JUSTICE(2)
2007年のポップ・ミュージック
ダフト・パンク直系のタフなビート・マナーに、アグレッシヴなカットアップ。そして、彼らの代名詞にもなった〈ディストーション・ディスコ〉と呼ばれるノイジーでパンキッシュな音処理。多彩なアイデアが1曲に盛り込まれており、まるで近未来のサーガを思わせるスケールの大きな世界観のなかで、伸び伸びとトラックが躍動している。
「大きなテーマや聡明なコンセプトがあったわけじゃないんだ。ただ、すべての曲に関連性があるように、1曲に少なくとも2つから3つのパートが組み込まれているようにしたかった。そう、僕らは対極に位置する雰囲気やムードを生み出す〈ディスコ・オペラ〉を作りたかったんだよ。そして1曲のなかでもいろんなフィーリングを同時に味わってもらえるようにしたかった。僕たちが好きなのはメタリカやパンテラのような音楽からラヴソングやロマンティックな音楽まで。それと同時にダンス・ミュージックも好きなんだ。だから自分たちが作る音楽もひとつのスタイルにこだわることなく、やりたいことを何でもやるんだ」。
また、1曲が3分から4分という非常にコンパクトな形にトラックがまとめられていることもとても重要だと彼らは語る。追ってリリースされるシミアン・モバイル・ディスコの新作にも言えることだが、これはダンス・ミュージックを〈新しい音楽〉や〈進化を体現する音楽〉という特別な枠組から解放し、その他のポップ・ミュージックとまったく並列で聴いてきた若い世代ゆえの感覚ではなかろうか。

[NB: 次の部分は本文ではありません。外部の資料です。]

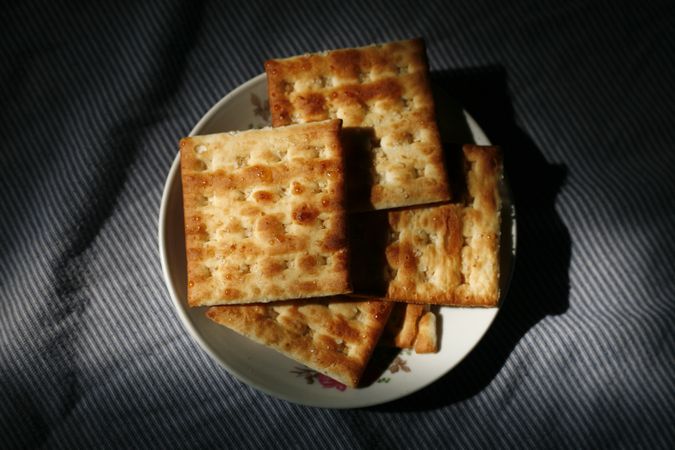 Top view of crackers on shadowy plate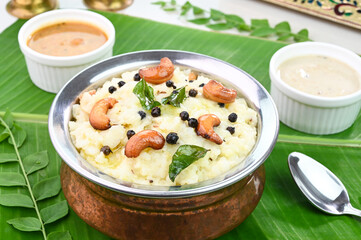 Ven Pongal famous south indian breakfast served in banana leaf.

「7分の曲を僕は座って聴くことなんてできないし、自分たち自身でも最初から最後までちゃんと聴ける曲を作りたかったんだよ。だから曲を短くするための編集にはかなりの労力を費やした。確かにこれがエレクトロニック・ミュージックだって自覚はあるよ。でも、願わくば……いや、僕たちに言わせればね、これは2007年のポップ・ミュージックなのさ!」。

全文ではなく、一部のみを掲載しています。